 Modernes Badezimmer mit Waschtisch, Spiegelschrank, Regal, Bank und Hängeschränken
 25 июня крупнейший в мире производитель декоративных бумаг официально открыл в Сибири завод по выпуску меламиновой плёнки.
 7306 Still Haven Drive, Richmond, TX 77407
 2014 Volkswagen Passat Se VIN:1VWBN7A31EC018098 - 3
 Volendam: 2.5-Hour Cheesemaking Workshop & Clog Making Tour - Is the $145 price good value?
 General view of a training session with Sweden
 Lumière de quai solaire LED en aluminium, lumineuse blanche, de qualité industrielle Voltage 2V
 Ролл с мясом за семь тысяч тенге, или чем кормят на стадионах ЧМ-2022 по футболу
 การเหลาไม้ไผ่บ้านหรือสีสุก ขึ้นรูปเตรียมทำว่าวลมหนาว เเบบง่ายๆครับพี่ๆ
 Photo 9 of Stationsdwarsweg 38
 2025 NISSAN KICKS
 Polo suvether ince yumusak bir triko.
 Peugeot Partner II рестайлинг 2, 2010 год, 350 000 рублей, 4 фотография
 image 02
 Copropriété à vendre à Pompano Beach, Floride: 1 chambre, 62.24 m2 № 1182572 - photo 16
____
**TASK TO CARRY OUT:**
Output only an exact transcription of the lines above from the one with "General view of" up to and including the one with "Ролл с мясом".

**SOLUTION FOR THIS PROBLEM:**
 General view of a training session with Sweden
 Lumière de quai solaire LED en aluminium, lumineuse blanche, de qualité industrielle Voltage 2V
 Ролл с мясом за семь тысяч тенге, или чем кормят на стадионах ЧМ-2022 по футболу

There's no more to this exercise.